Is there any entanglement in this pure state $|\psi\rangle$ of $n$ qubits?

Which can be answered by whether or not the entire state can be expressed as $$ |\psi\rangle=|\phi_1\rangle|\phi_2\rangle\ldots|\phi_n\rangle $$ but as you are rightly realising, you can ask far more structured questions of

is qubit $i$ entangled?

or even

is qubit $i$ entangled with qubit $j$?

or

What sort of entanglement does qubit $i$ share with different qubits, and how much?

The first is answered in much the same way as your original strategy: if it can be written as $|\phi\rangle_i\otimes|\psi\rangle_{1,2,\ldots,n\setminus i}$, then qubit $i$ is not entangled with anything. In your example, qubit 2 is not entangled, but qubits 1 and 3 are.

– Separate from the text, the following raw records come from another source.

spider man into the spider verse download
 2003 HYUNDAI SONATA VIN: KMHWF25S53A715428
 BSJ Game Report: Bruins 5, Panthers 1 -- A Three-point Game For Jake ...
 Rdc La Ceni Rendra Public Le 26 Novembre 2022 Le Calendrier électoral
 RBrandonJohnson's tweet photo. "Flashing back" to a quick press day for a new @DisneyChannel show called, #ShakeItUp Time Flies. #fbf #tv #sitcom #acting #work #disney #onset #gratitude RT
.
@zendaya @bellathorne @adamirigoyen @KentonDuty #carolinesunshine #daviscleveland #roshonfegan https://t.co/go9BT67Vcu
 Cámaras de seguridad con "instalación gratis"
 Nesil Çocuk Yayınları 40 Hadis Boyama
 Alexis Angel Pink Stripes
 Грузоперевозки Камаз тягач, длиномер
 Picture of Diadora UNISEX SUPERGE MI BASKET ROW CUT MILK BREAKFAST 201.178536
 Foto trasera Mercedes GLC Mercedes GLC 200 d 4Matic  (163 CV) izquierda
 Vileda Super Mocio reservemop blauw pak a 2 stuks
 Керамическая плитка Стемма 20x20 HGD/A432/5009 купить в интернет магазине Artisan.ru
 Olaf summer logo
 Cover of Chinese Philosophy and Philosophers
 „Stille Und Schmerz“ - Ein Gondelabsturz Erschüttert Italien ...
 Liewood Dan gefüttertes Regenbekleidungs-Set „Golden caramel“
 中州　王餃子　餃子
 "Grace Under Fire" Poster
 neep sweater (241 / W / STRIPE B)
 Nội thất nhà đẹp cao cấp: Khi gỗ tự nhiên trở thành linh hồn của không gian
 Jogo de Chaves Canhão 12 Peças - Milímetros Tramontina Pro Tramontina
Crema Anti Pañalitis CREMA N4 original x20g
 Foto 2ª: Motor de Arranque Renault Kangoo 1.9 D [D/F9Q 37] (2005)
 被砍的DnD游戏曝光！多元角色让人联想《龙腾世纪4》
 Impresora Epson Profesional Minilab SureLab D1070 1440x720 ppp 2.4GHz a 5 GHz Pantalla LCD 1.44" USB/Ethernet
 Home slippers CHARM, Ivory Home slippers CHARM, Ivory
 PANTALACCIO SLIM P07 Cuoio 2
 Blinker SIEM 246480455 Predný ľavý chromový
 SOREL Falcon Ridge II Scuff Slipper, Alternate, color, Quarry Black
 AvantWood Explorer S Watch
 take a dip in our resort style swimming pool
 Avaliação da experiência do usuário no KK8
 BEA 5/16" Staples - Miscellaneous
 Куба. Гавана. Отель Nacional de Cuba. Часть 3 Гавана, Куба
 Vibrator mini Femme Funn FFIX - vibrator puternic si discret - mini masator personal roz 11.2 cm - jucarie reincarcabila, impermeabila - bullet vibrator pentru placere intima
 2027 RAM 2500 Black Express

The second is far more subtle, and perhaps requires a more precise definition of entanglement. Should we say that qubits 1 and 2 in the state $(|000\rangle+|111\rangle)/\sqrt{2}$ are entangled? If you look at just those two qubits, they are in a maximally mixed state, i.e. not entangled, but they are definitely part or an entangled state that cannot be localised to any pair of qubits. Hence the question about the type of entanglement.

Ultimately, this really comes down to a question of why are you interested in entanglement. Usually, it's to do something with the entangled state, so you have a measure of a given state's usefulness (and that is often some form of entanglement measure), and you can ask questions with respect to that particular measure.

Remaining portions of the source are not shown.